Il sera considéré que c'est l'agresseur qui, en créant une situation très inquiétante pour l'agressé, en sachant que l'agressé ne verra pas bien ce qu'il fait ni ce qu'il transporte, prend le risque d'une réaction de défense théoriquement excessive mais objectivement compréhensible et donc acceptable. Cela quand bien même il était en réalité moins dangereux que ce que pouvait craindre l'agressé.

Au moment du délibéré, les magistrats et les jurés tentent de se mettre à la place de l'agressé pour dire si son attitude était adaptée à la situation, s'il n'y a pas eu excès de défense, cela non seulement d'un point de vue purement théorique mais eu égard aux circonstances particulières du dossier jugé.

En tous cas, au moment de manier cette notion de proportion, chaque affaire est un cas particulier.

Par ailleurs, le deuxième alinéa du même article concerne la légitime défense des biens, c'est à dire quand il n'y a aucune agression contre les personnes. Toutefois, le texte exclut expressément la possibilité de commettre un homicide volontaire.

Autrement dit, il est possible d'intervenir pour faire fuir des personnes qui commettent un cambriolage, quand bien même elles n'exercent aucune violence contre quiconque, mais les violences exercées contre elles doivent être mesurées tant qu'il n'y a pas d'agression physique. Et l'on retrouve la même exigence de proportionnalité.

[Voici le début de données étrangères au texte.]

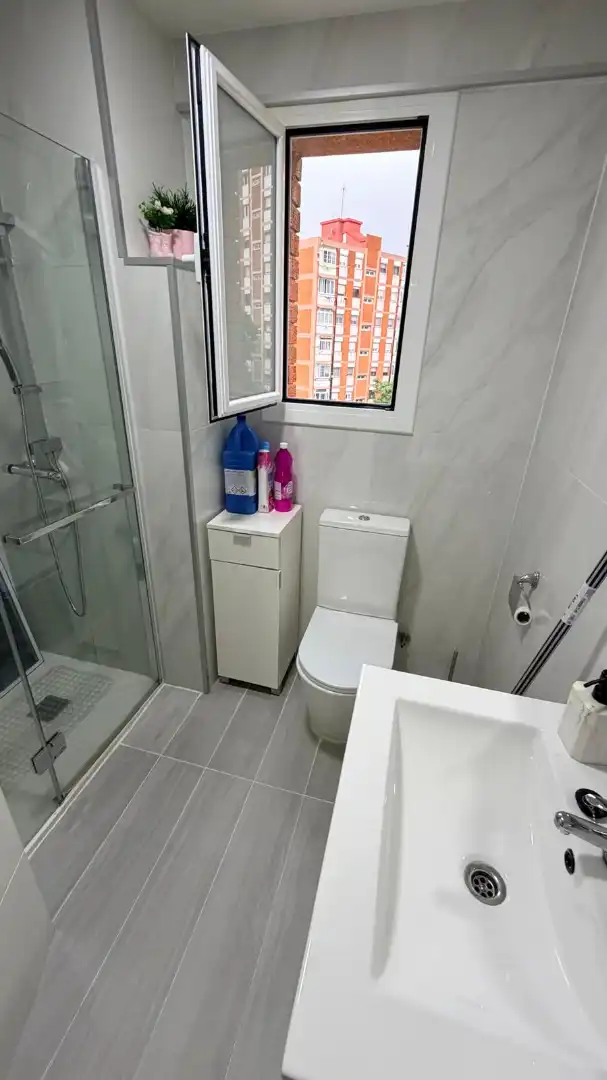 Bathroom of Flat for sale in Badalona  with Air Conditioner, Heating and Oven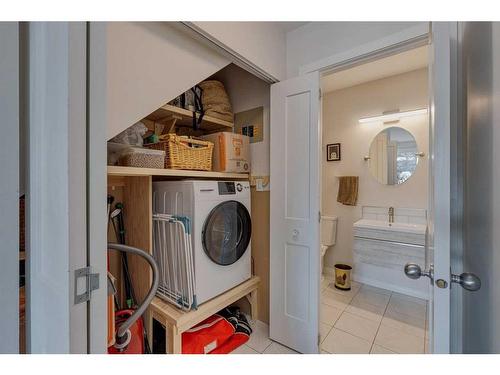 6-713 Mcdougall Road Ne, Calgary, AB - Indoor Photo Showing Laundry Room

Enfin, l'article 122-6 édicte deux présomptions de légitime défense :

- Quand une personne repousse, la nuit, des personnes entrées chez elle par effraction, ruse ou escalade.

Il est considéré que l'agression de nuit et dans un domicile génère en elle-même pour ses habitants un contexte particulièrement stressant et dangereux.

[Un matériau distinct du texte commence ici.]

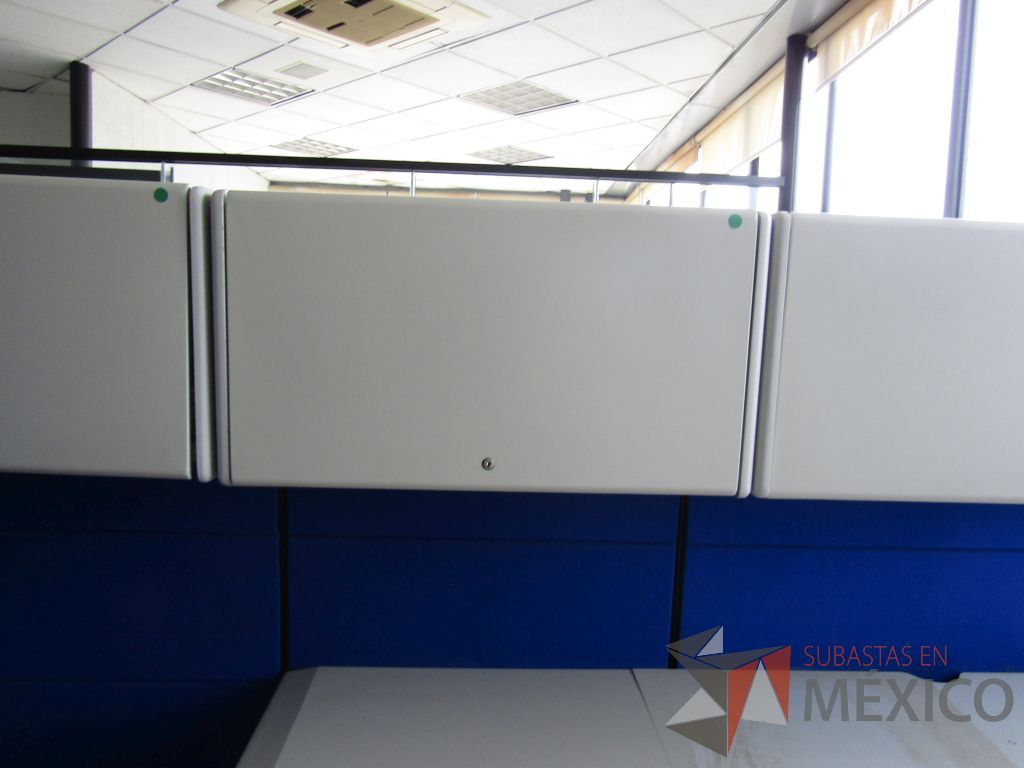 Lote 011 - Estación de trabajo para 2 personas con mampara alta, 5 gavetas y 2 Archiveros verticales de 3 cajones - Imagen 5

Cela se comprend pour deux raisons. L'agression dans le domicile est particulièrement inquiétante et traumatisante pour les habitants qui peuvent tous craindre pour leur intégrité physique. Et la nuit, avec son absence de clarté, augmente encore ces caractères de l'agression.

- Quand l'agressé se défend contre "les auteurs de vols ou de pillages exécutés avec violence".

Encore faut-il qu'il y ait des violences contre les personnes en plus du vol, l'expression "avec violence" ne pouvant pas concerner les seuls biens matériels. Et le texte impose, comme déjà souligné plus haut, qu'au moment de l'acte de défense examiné il y ait encore une attaque.

L'existence d'une présomption a pour effet de dispenser celui qui s'est défendu de démontrer que les conditions de la légitime défense étaient réunies. Mais il ne s'agit que d'une présomption simple, c'est à dire qu'il peut être démontré puis jugé, au final, que la défense n'était pas justifiée, ou en tous cas non légitime comme elle a été mise en oeuvre.


Devant les juridictions pénales, les dossier dans lesquels la légitime défense est plaidée sont de fait peu nombreux. Mais dans ces dossiers les juges, avec les jurés à la cour d'assises, doivent naviguer entre deux écueils : 

- Poser des exigences trop fortes et donc trop restrictives pouvant empêcher des personnes de se défendre à la hauteur de l'agression qu'elles sont en train de subir.

C'est pourquoi, quand la situation est dans un entre deux, la thèse de celui qui se défend est souvent préférée à la thèse de celui qui a agressé. Il est en effet difficilement envisageable qu'en cas de violences réelles des deux côtés ce soit l'agresseur, qui reste le principal responsable de l'enchaînement de violence, qui soit le bénéficiaire de la décision judiciaire.

- Poser des exigences trop faibles et permettre à la vengeance mal contrôlée de prendre le pas sur la justice. On ne peut pas admettre, et c'est tout le sens de la loi jamais remise en cause, que des violences très graves soient justifiées par des agressions de faible intensité, ou que des personnes exercent des violences au moment où elles ne risquent plus rien du tout.

Notons pour finir que le droit de se défendre, pouvant aller jusqu'au droit de donner la mort, est de la même façon prévu dans la convention européenne des droits de l'homme, dans la section consacrée au droit à la vie.

Dans l'article 2 de la convention (texte intégral ici), il est écrit :


"La mort n’est pas considérée comme infligée en violation de cet article dans les cas où elle résulterait d’un recours à la force rendu absolument nécessaire (..) pour assurer la défense de toute personne contre la violence illégale."